Prince William County supervisors this week approved the requests, paving the way for the I-66 and US 29 Technology Park. The 100-acre site outside Gainesville could see up to six data center buildings and a substation built on the site in Northern Virginia.

I66 Tech Park, Gainsville, PWC County.png
– Prince William County Planning Commission

The project was first proposed in July; the property is owned by Southview 66 LLC and Gainesville JM LC, and US real estate development firm Lerner is the developer on the project. No end-user has reportedly been signed onto the project yet.

County supervisors voted 6-2 to approve a rezoning and special use permit for the I-66 and Route 29 Technology Park.

The project is one of three in the works in the same area between Gainesville and Haymarket. In June the board approved Village Place Technology Park, a one million square foot data center project on a 45-acre property. Another 22-acre data center complex is reportedly also planned but has not yet reached the board. All three are located outside the county’s Data Center Opportunity Overlay District.

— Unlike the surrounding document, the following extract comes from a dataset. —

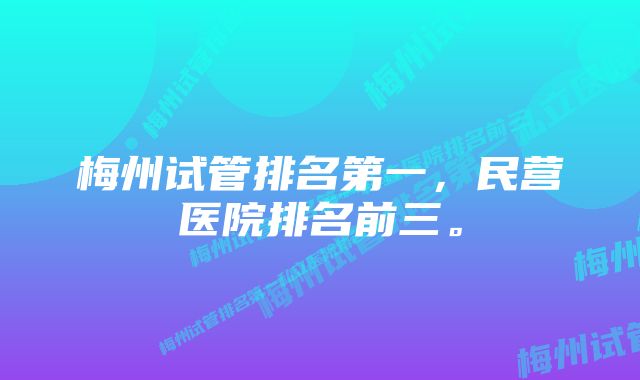 梅州试管排名第一，民营医院排名前三。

The Prince Williams Times reports that local energy firm Dominion Energy thinks this new data center cluster at John Marshall Highway and Catharpin is ‘is leading towards what is seeming to be needing new infrastructure.’

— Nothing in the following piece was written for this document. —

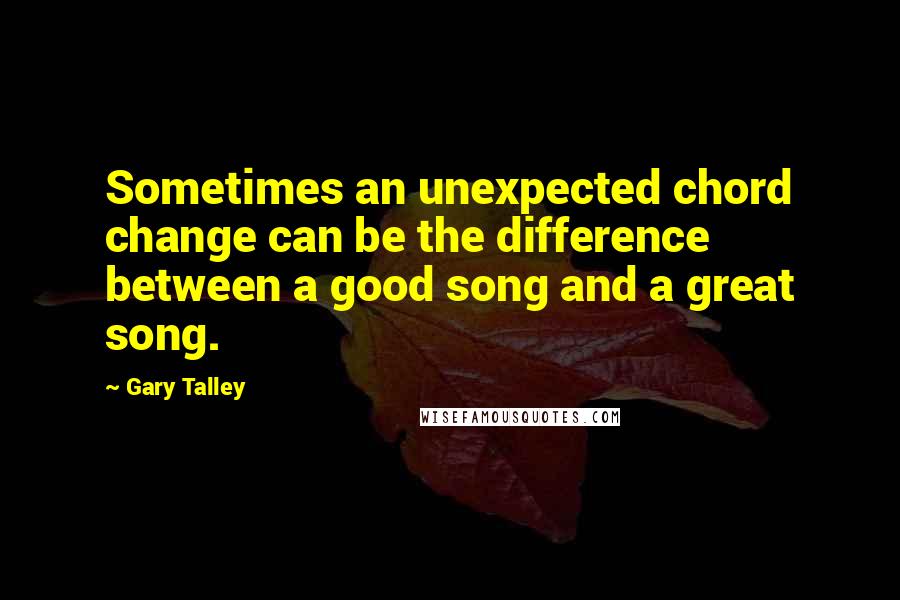 Gary Talley Quotes: Sometimes an unexpected chord change can be the difference between a good song and a great song.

Southview 66 LLC has agreed to abandon developing the property for data centers if Dominion Energy determines the data centers would require the construction of new above-ground transmission lines west of the property, in the vicinity of Haymarket. The assurance does not preclude an additional line coming from the east, however.

AWS has previously faced protests from locals over new power transmission lines for its data centers in the area.

“It’s unfair to put the community through this again,” Elena Schlossberg-Kunkel, executive director of The Coalition to Protect PWC, said during a public hearing that preceded the board’s vote.

“Haymarket and Gainesville are being engulfed with data centers, transmission lines, and substations,” added the Coalition’s Karen Sheehan.

The war for Manassas Battlefield

Elsewhere in Prince William County, a proposed data center park in Manassas has been branded “the single greatest threat to Manassas National Battlefield Park in nearly three decades.”

The proposed ‘PW Digital Gateway’ could see hundreds of acres of land on Pageland Lane redesignated under the local plan to allow for the construction of up to 27.6 million square feet of data centers.

PW Times reports that Manassas National Battlefield Park’s superintendent Brandon Bies has written two letters to the Prince William Board of County Supervisors and the county planning office outlining the park’s “grave concerns” over the proposal around its potential historical, environmental, and viewshed impacts, saying the plans could cause “potential irreparable harm” to the park.

“Manassas National Battlefield Park strongly opposes this CPA (Comprehensive Plan Amendment) because it is certain to have a substantial negative impact on historic resources both within and outside of the park that are significant to the battle,” Bies wrote. “Changing the planned land use of these areas would inhibit the mission of the Park to preserve and honor the sacrifices of the 4,000 Americans who died at Manassas.”

The park is the site of two American Civil War battles; the first and second Battles of Bull Run in 1861 and 1862 respectively. Both were won by the Confederates, with almost 4,000 soldiers killed and more than 16,000 injured across the two conflicts. Today the park totals more than 5,000 acres and is visited by over 700,000 people every year.

In his letters, Bies noted previous proposals pitched in the 1980s and 1990s that threatened the park: a 550-acre shopping mall proposal in 1988 known as the “William Center” and the Walt Disney Company’s plan to construct a “Disney’s America” theme park about three miles west of the park. Both proposals saw resistance from locals before being voted down by county officials.

“In both of these cases, the board of county supervisors was attracted by the lure of tax revenue promised by these developments. The same can certainly be said about the current proposal for a 2,133-acre data center corridor along Pageland Lane. But just as was the case in 1988 and 1993, this proposal is extremely concerning to the National Park Service,” Bies said.